Ketika semua jamaah sudah duduk, saya melihat ada penumpang yang memakai jaket dan topi bertuliskan "petugas jamaah haji". Saya kurang faham apa saja kuwajiban petugas haji sekarang, walaupun sekian tahun lalu pernah menjadi petugas haji.  Setahu saya ketika penumpang mulai naik pesawat seperti itu, penumpang yang memerlukan bantuan, penumpang lanjut usia, hamil dan membawa anak-anak, dipersilahkan naik lebih dahulu.  Biasanya keluarga diminta untuk mendampingi.  Saya tidak tahu, mengapa petugas haji tidak mendampingi kedua jamaah lansia yang tidak dapat berdiri tersebut. 

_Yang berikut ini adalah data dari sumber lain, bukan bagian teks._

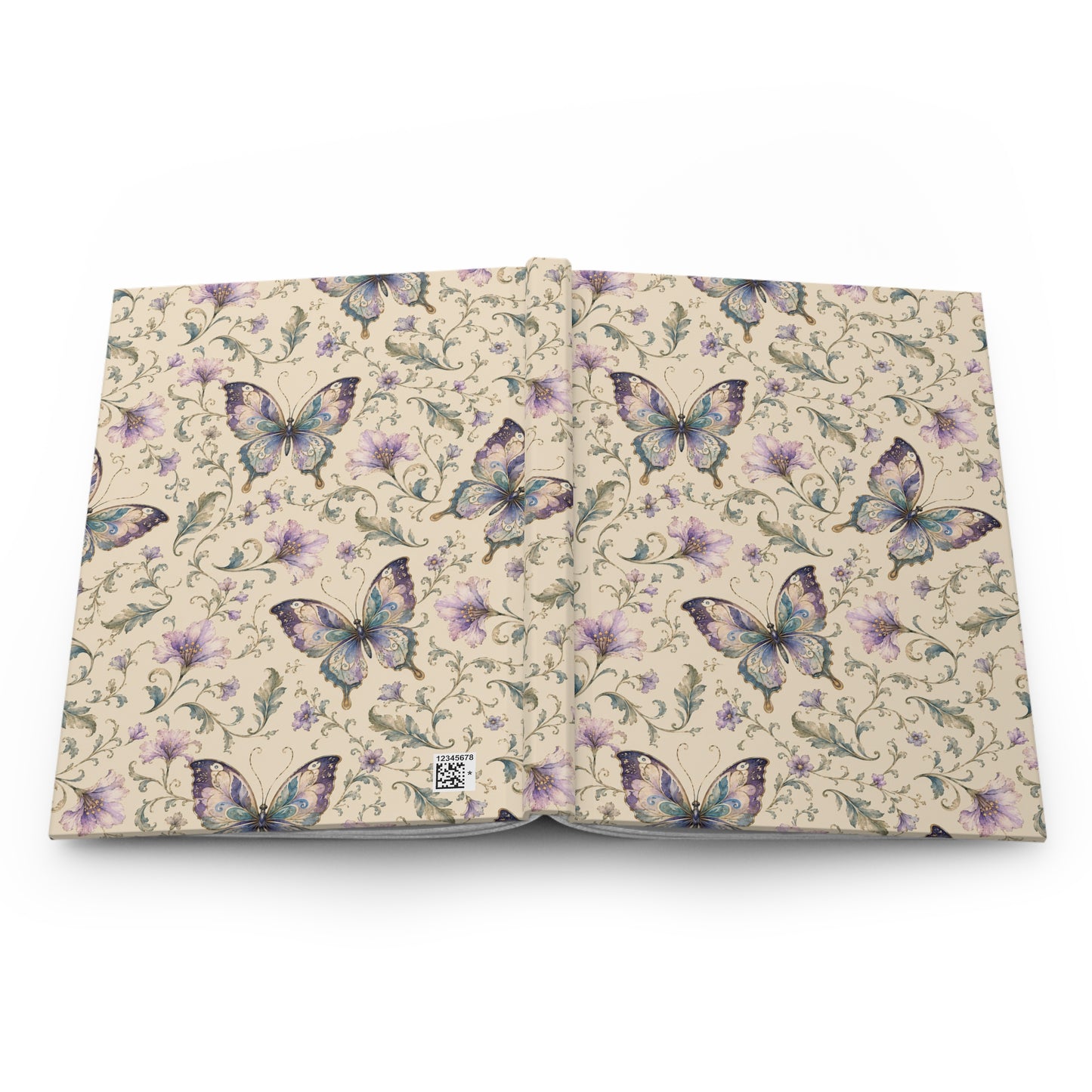 Butterfly Floral Hardcover Lined Journal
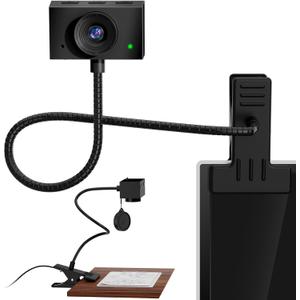 Eye Contact Webcam with Microphone for PC, 1080P Center cam for mac, 95FOV Middle-Screen Center cam, USB computer camera Plug&Play, for desktop computer Facetime Compatible with macOS&Windows (Black)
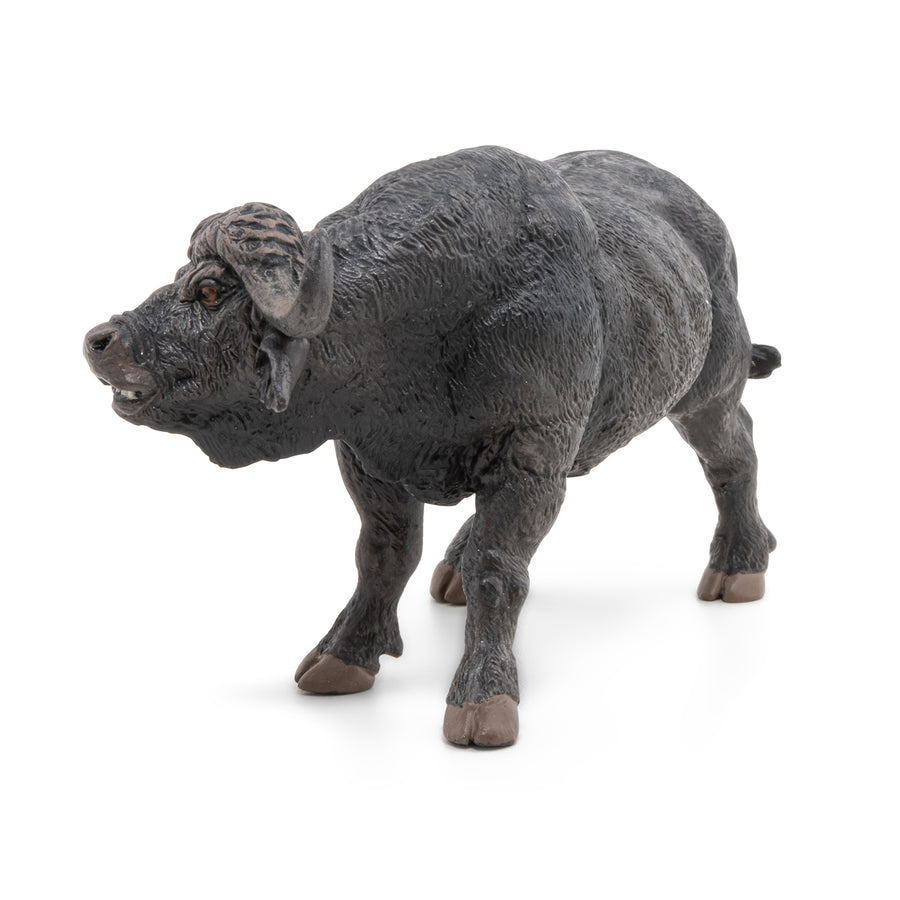 Figurine Buflfe Papo en PVC, thème savane, Collection Animaux sauvages, jouet éducatif idéal pour enfants et collectionneurs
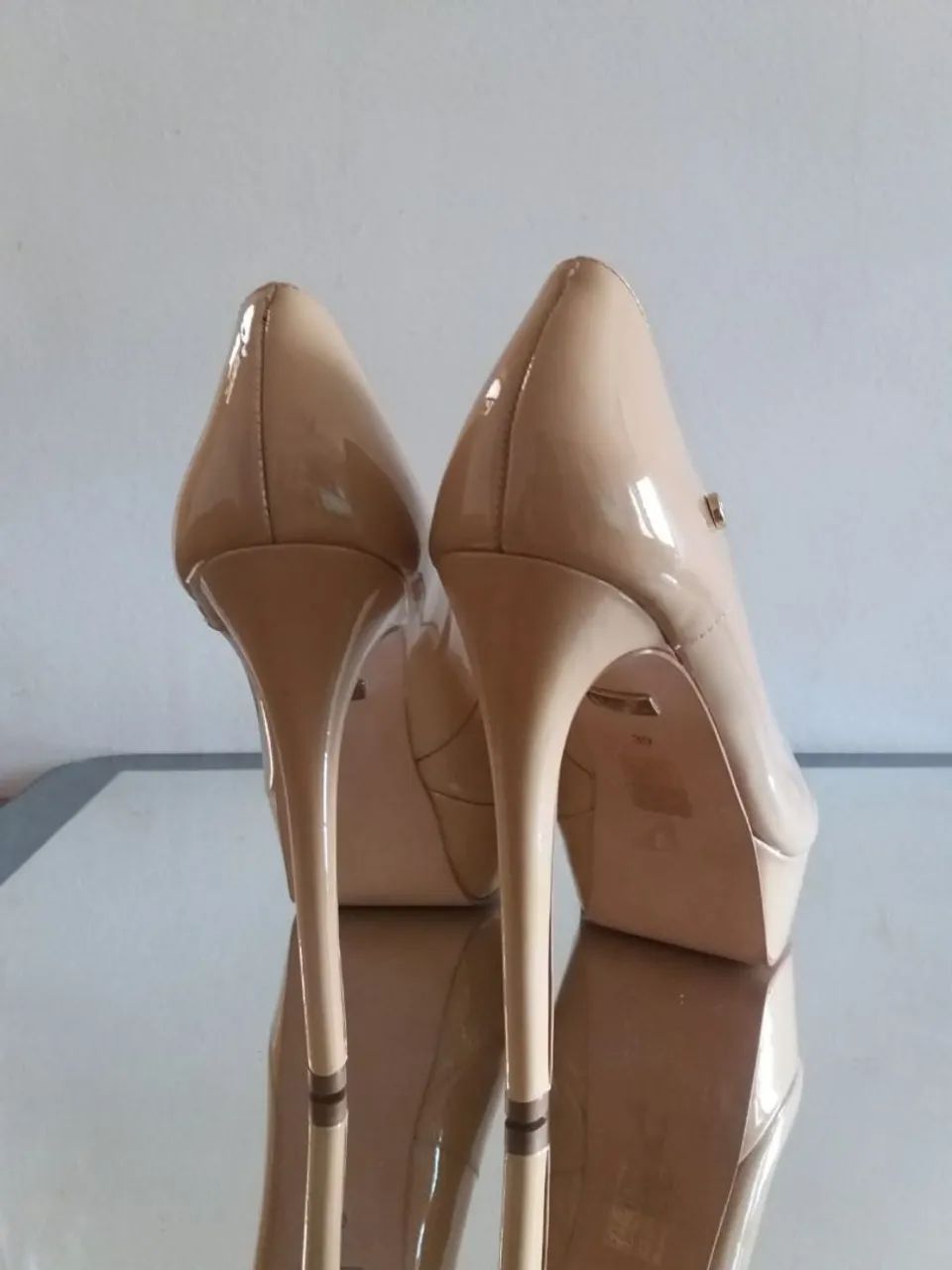 PEEP TOE JORGE BISCHOFF. NUDE VERNIZ 39 - Foto 3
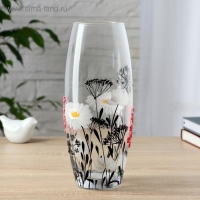 Ваза "Цветы" d-8см 11х26 см Ваза "Цветы" d-8см 11х26 см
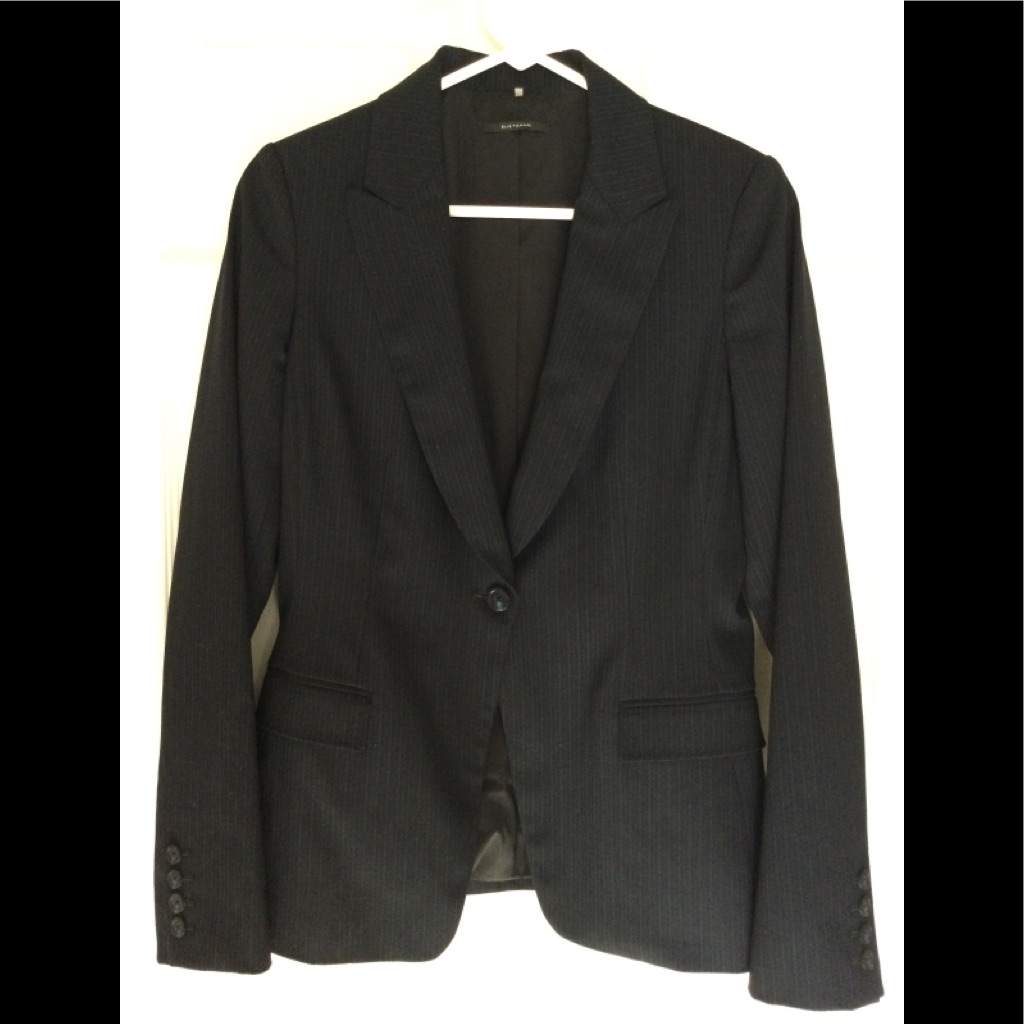 Ellie Tahari Pinstriped Blazer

Ketika pesawat mulai take off dan pramugari telah memberikan selimut kepada kedua jamaah tersebut, dalam hati saya memuji mbak pramugari.   Biasanya untuk mendapatkan selimut, penumpang harus meminta. Tetapi kali ini, selimut diberikan dan bahkan dipasangkan walaupun kedua jamaah tersebut tidak meminta.  Mungkin juga tidak akan meminta karena tidak dapat berbahasa Indonesia.  Ketika makan malam dibagi, saya sangat terharu karena kedua beliau kesulitan untuk makan.  Jamaah bapak-bapak tidak makan dan hanya minum, sedangkan jamaah ibu-ibu hanya makan pudingnya saja.

Ketika pesawat landing dan jamaah turun, ada seorang ibu yang menggoda jamaah bapak-bapak dengan mengatakan kalau beliau ingin pulang untuk menanam jagung.  Ternyata beliau dokter yang mendampingi jamaah haji. Penumpang biasa pada turun, dan kedua jamaah tersebut menunggu sampai nanti dijemput dengan kursi roda.  Saya kaget dan bingung melihat penumpang berjaket dan bertopi petugas haji itu turun melewati kedua jamaah lansia itu tanpa menyapa dan terus turun.  Mungkin beliau capek, karena sudah mendampingi mulai dari Saudi Arabia. Tetapi bukankah itu sudah menjadi tugasnya dan sudah diketahui ketika bersedia menjadi petugas haji.

Ketika kursi roda datang, ternyata ada petugas haji lain yang memakai kaos.  Beliau cerita kalau sebagai petugas haji.  Oh, mungkin yang berjaket petugas haji dan turun dahulu tanpa menyapa jamaah berkursi roda itu bosnya, sehingga merasa sudah ada anak buah yang mengurus jamaah lansia itu. Petugas muda yang memakai kaos itulah yang mengangkat kedua jamaah lansia itu, dan kemudian petugas garuda yang mengangkat kursi turun tangga. Saya sungguh senang dan bangga, ternyata bu dokter tadi masih di pesawat sampai kedua jamaah lansia itu turun dari pesawat.  Semoga ini menjadi pelajaran untuk kita, yang baik kita tiru sedangkan yang kurang baik kita tinggalkan.